* Task brief
Repeat the first line of the listing and each line after it, exactly, through the line containing "Hermosa mujer brasileña".

* Supplied entries

Content starts

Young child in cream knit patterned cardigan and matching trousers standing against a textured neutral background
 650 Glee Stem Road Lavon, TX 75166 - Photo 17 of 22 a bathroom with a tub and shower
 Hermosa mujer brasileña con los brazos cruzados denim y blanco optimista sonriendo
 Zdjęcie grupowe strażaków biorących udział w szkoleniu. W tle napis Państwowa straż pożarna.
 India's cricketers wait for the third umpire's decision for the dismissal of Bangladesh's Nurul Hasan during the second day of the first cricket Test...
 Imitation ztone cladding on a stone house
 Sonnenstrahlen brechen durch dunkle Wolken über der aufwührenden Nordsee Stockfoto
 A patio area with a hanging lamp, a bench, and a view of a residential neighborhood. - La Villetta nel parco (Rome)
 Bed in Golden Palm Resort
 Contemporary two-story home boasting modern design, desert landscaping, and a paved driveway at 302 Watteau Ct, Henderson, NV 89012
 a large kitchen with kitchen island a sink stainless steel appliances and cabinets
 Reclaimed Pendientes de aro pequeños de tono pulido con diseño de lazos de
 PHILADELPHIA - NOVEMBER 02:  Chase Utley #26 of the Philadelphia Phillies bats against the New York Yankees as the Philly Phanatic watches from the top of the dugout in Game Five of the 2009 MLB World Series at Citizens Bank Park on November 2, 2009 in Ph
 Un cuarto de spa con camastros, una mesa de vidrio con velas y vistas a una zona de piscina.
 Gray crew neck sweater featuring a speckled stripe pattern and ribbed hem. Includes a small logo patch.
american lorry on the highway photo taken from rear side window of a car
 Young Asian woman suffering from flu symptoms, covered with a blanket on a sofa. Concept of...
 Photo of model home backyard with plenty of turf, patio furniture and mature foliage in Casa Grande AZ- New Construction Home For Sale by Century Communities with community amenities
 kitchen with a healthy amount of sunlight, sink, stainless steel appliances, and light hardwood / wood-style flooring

Content ends

* The answer
Young child in cream knit patterned cardigan and matching trousers standing against a textured neutral background
 650 Glee Stem Road Lavon, TX 75166 - Photo 17 of 22 a bathroom with a tub and shower
 Hermosa mujer brasileña con los brazos cruzados denim y blanco optimista sonriendo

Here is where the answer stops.